Od razu napisze, że nic z tego nie wyszło. Chyba moja pierwsza, niedoszła rozmówczyni rzuciła urok

A było to tak: pierwszy poranek w Hiszpanii, stanęliśmy na piaszczystej drodze koło lokalnej szosy, bo B. chciał sprawdzić olej i inne płyny (ustrojowe też

) Maska otwarta, on leży pod autem, ja na siedzeniu pasażera studiuję przewodnik. Nagle w drzwiach kierowcy staje pani w wieku nieokreślonym, uśmiecha się prawie bezzębnym uśmiechem i płynną angielszczyzną pyta, czy wszystko w porządku, czy nie trzeba nam jakiejś pomocy.
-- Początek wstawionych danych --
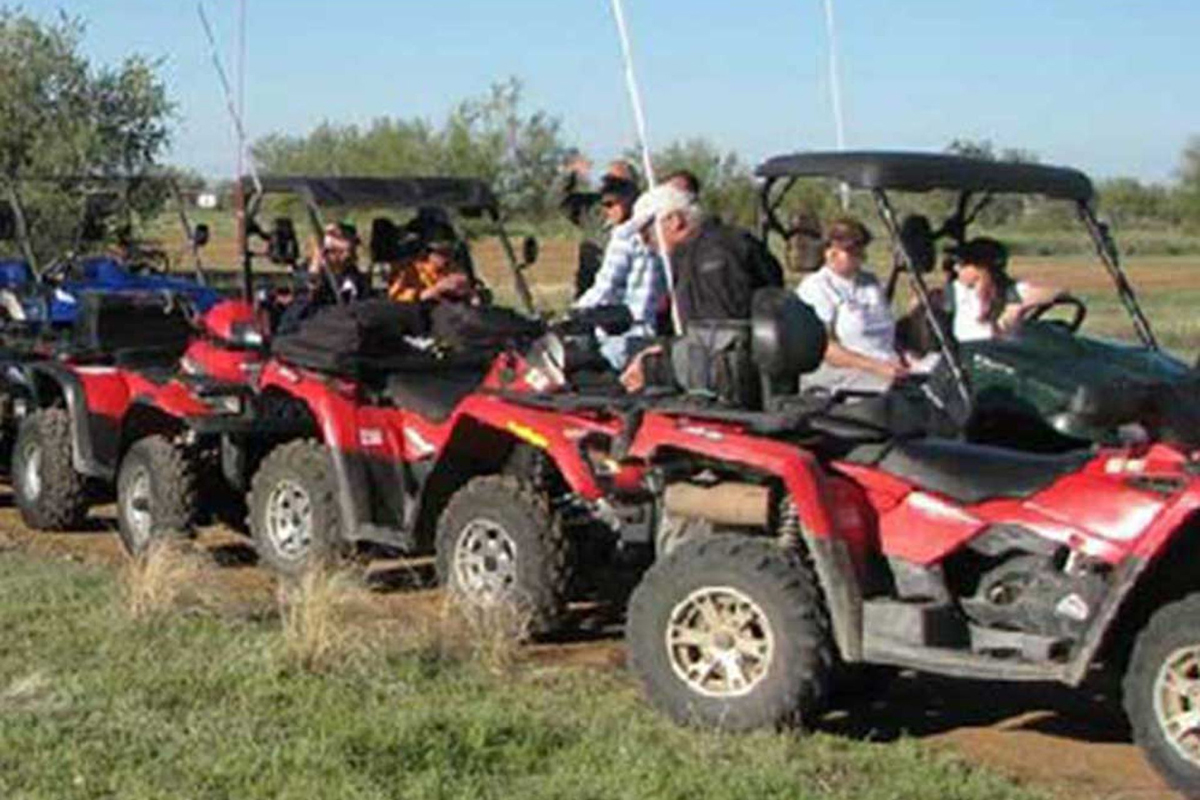 ATV rider prepare for adventure with red quad vehicles.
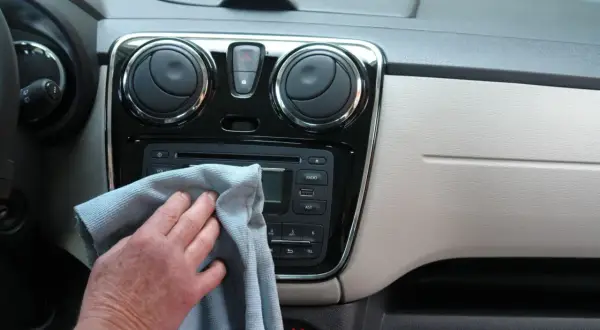 Ręka z szarą ściereczką czyści radio samochodowe i nawiewy. Dbałość o mycie detali w aucie.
Dziękuję i odpowiadam, że wszystko ok. Pani odchodzi, a ja patrzę skąd ona się tu w ogóle wzięła na tym zadupiu. Zerkam przez szparę od podniesionej maski, a pani się rozkłada przy plastikowym foteliku, który mijaliśmy przy zjeździe z szosy. Rozkłada parasol, by słońce nie prażyło. Czekam, aż wyjmie jakieś pomidory, czy inne pomarańcze, którymi zamierza handlować i wyszukuję ze schowka moją karteczkę z pytaniami. Jestem lekko podekscytowana, bo to będzie moja pierwsza rozmówczyni. Zerkam znowu, a pani w tym czasie zdążyła zmienić koszulkę i krótkie spodenki na kusą sukienkę. Żadnych pomidorów dalej nie widzę. Już mam wysiadać z auta, gdy widzę przystający koło pani samochód. Krótka rozmowa, pani wsiadła i pojechali piaszczysta drogą gdzieś
Hmm, dobrze, że jednak nie udało mi się jej zapytać, czym się zajmuje.
Przez następne dni ilekroć chciałam z kimś pogadać to okazywało się, że to turyści.